Requirement
Although pictures appear in the entries below, leave them out and print exactly the lines from the first line through the line containing "dol_agriculture_01.jpg".

Excerpted records
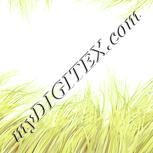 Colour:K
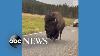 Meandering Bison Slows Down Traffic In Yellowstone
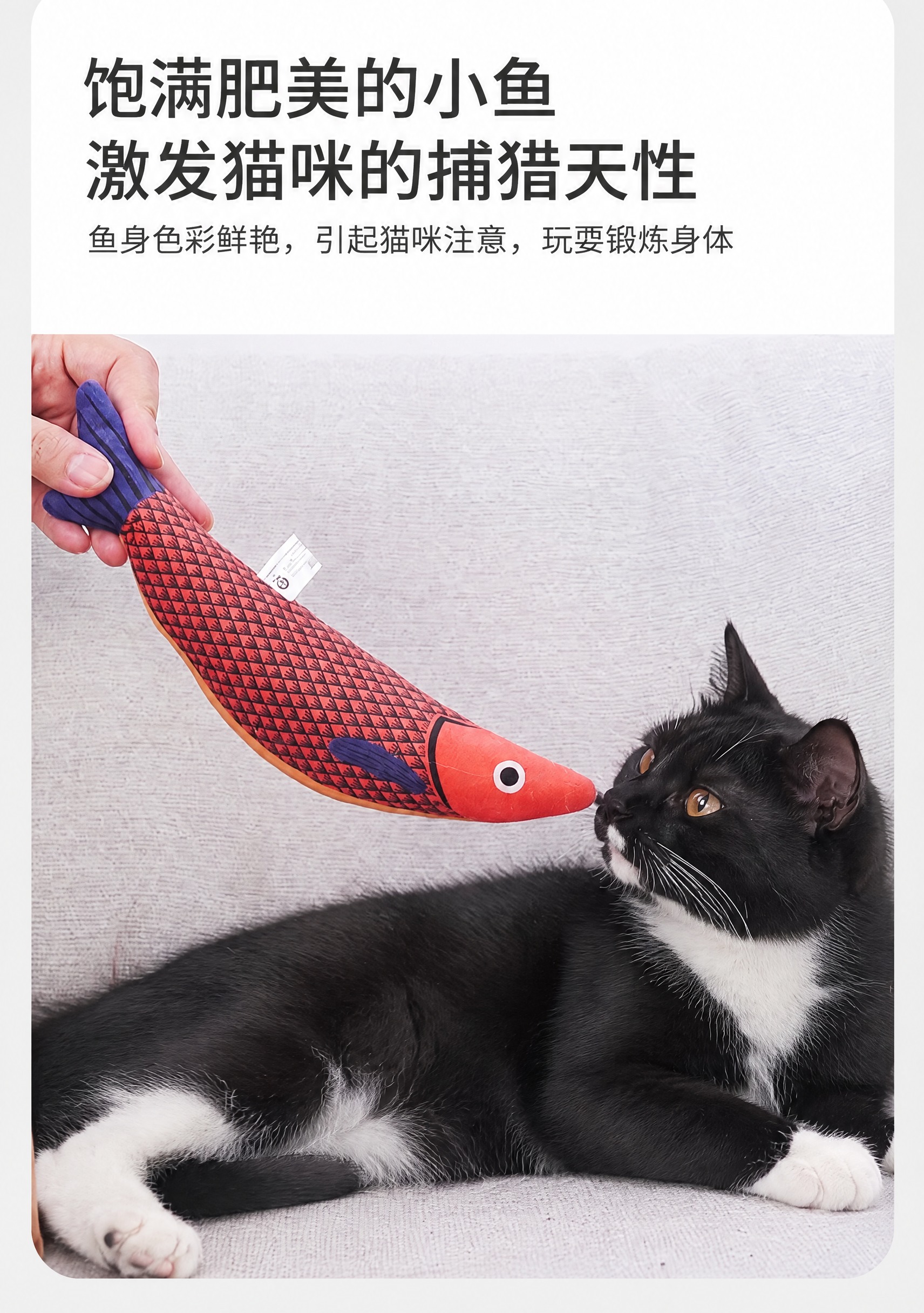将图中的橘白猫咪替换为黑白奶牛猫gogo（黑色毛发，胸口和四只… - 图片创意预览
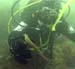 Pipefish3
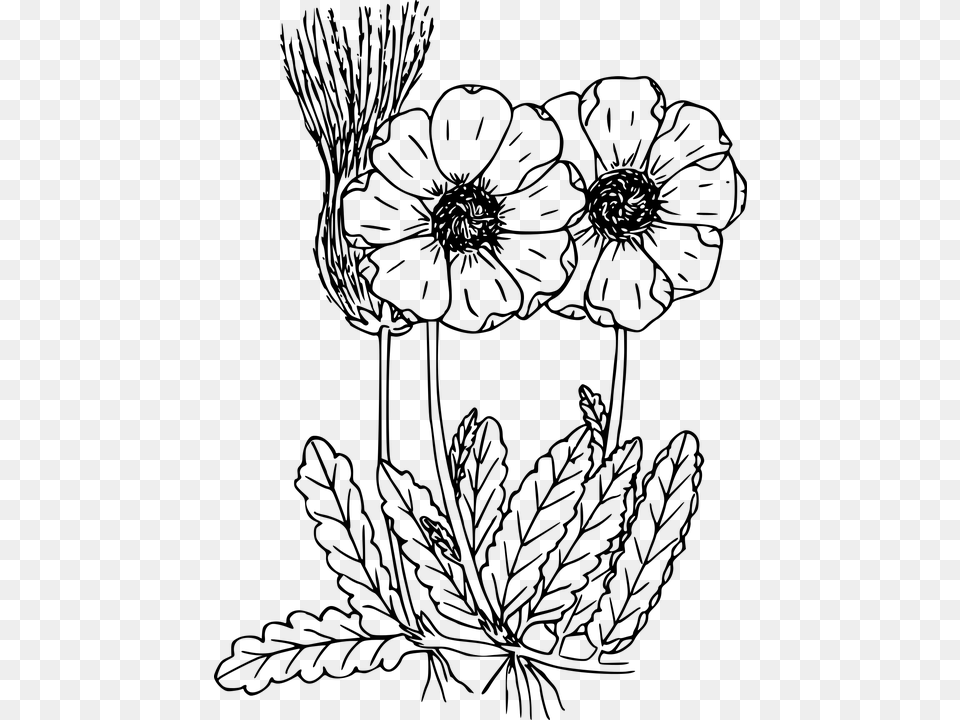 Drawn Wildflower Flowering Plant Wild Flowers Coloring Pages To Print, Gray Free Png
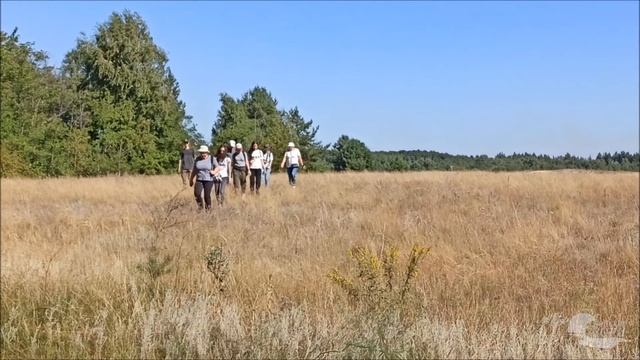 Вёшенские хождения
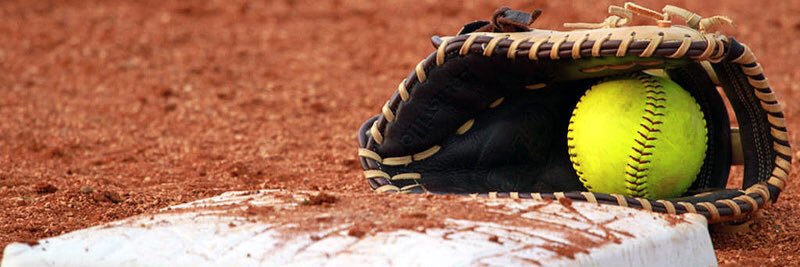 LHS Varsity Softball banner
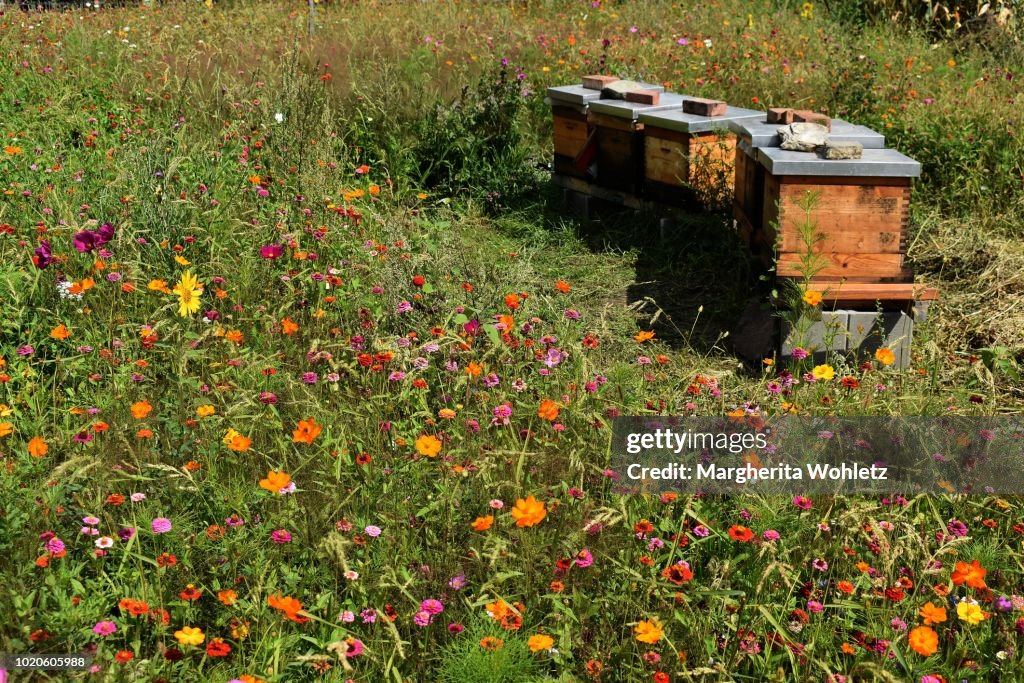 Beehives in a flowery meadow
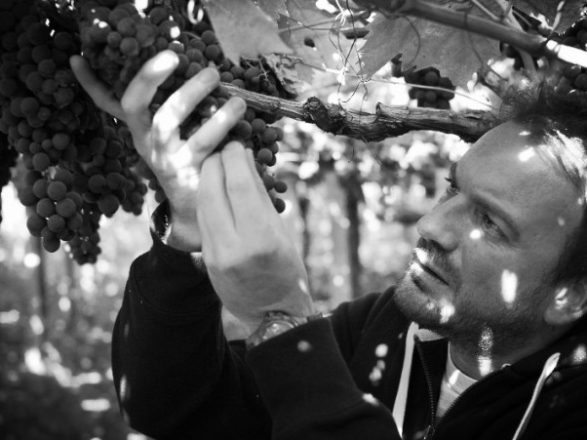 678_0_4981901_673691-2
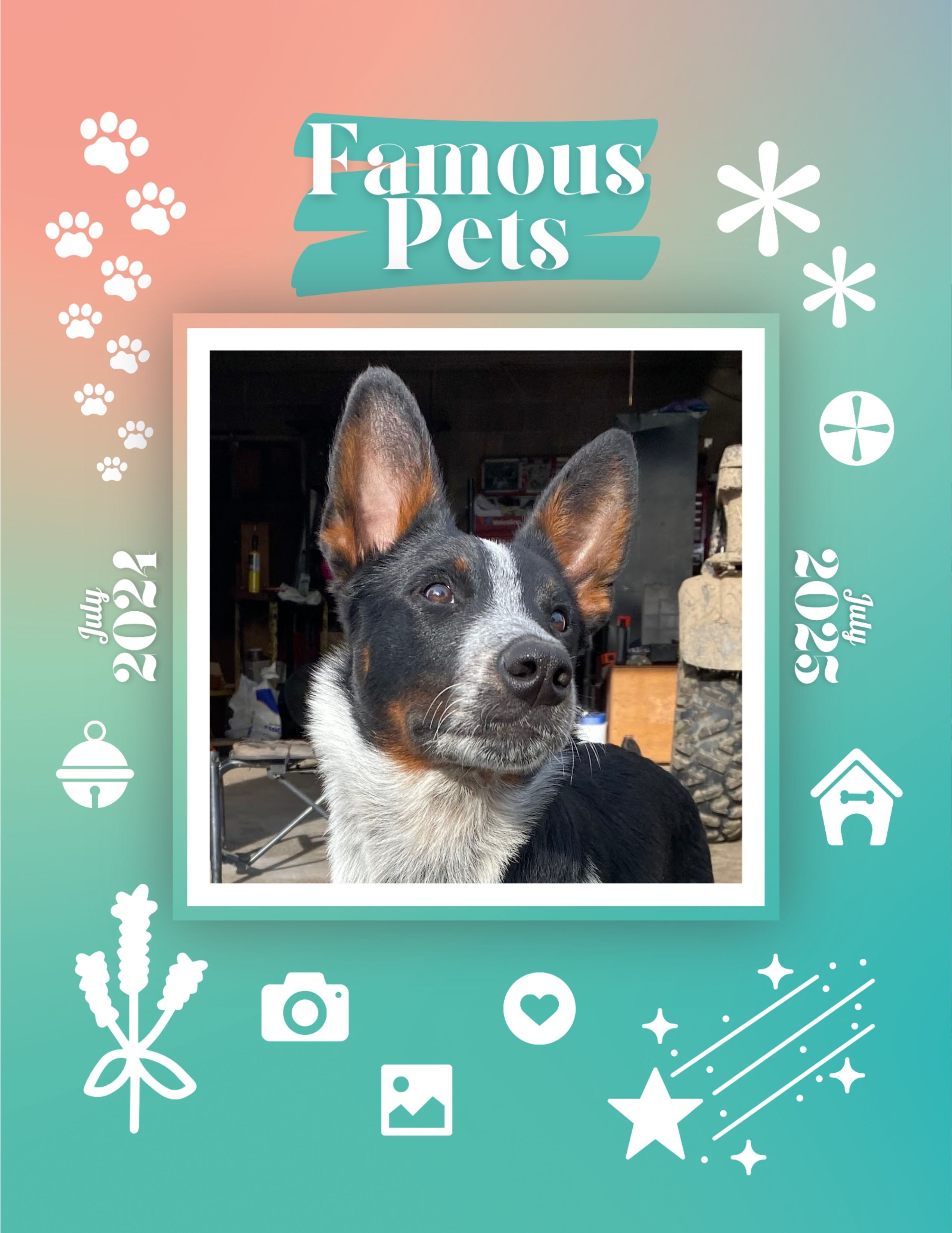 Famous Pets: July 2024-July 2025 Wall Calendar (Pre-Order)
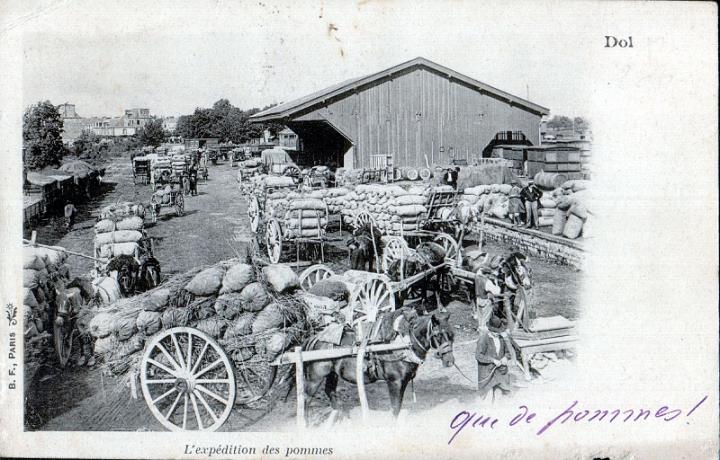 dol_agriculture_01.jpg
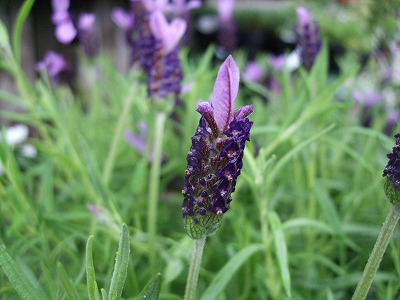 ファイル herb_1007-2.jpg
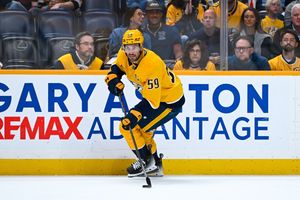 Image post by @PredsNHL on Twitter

Output of the exercise
 Colour:K
 Meandering Bison Slows Down Traffic In Yellowstone
将图中的橘白猫咪替换为黑白奶牛猫gogo（黑色毛发，胸口和四只… - 图片创意预览
 Pipefish3
 Drawn Wildflower Flowering Plant Wild Flowers Coloring Pages To Print, Gray Free Png
 Вёшенские хождения
 LHS Varsity Softball banner
 Beehives in a flowery meadow
 678_0_4981901_673691-2
 Famous Pets: July 2024-July 2025 Wall Calendar (Pre-Order)
 dol_agriculture_01.jpg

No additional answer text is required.